I think these things have bad reviews in the reviews section too....


----------



## prowler09 (Nov 29, 2007)

yea, thats kinda what i was thinking. i am almost out of the 5in1 test strips i got, and im now looking for a test kit that might be a little more accurate.


----------



## Xavi (Apr 24, 2007)

Go with a liquid test kit. They can't be beat for accuracy.


----------



## prowler09 (Nov 29, 2007)

i cant find a liquid test that has everything i want in it. ph, kh, gh, nitrate, nitrites.

i ended up going with the test strips again. i know they arent as accurate, but it has it all and theyre relatively cheap.

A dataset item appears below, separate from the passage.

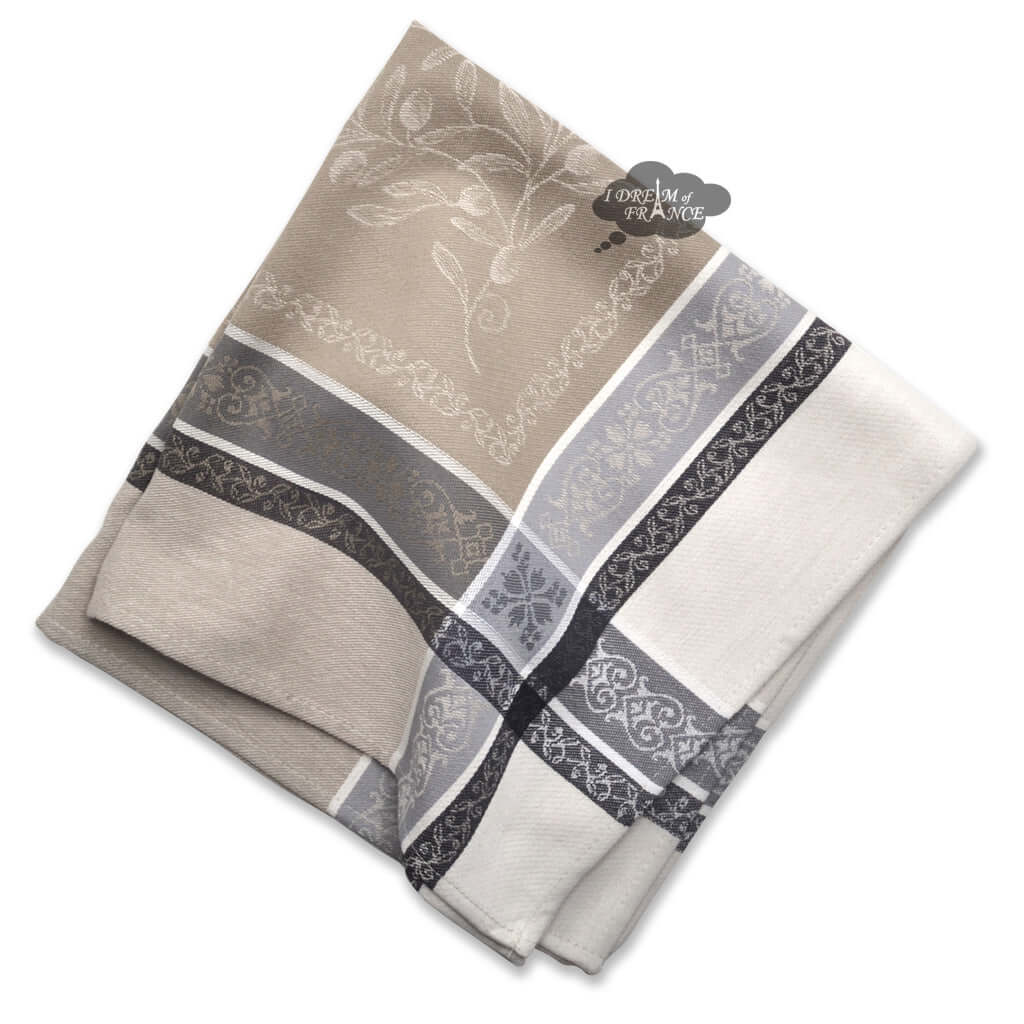 Olivia Cream French Cotton Jacquard Napkin by Tissus Toselli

i have an old liquid test kit that i bought in 03 lol, i know im not suppost to use them after a year or two, but i tried it out and it surprisingly it worked and matched up with my new test strips. so i guess until i find a fairly cheap way to get all the tests i want in a liquid test, ill just keep on using the strips.

thanks for the input


----------



## Xavi (Apr 24, 2007)

If you look at the number of test that you can do with a liquid test kit versus the number of tests with strips, liquid wins.

You do spend more in the beginning, but you get more tests and better accuracy in the long run.


----------



## prowler09 (Nov 29, 2007)

hmm, i guess that may be true. i didnt think about that.


----------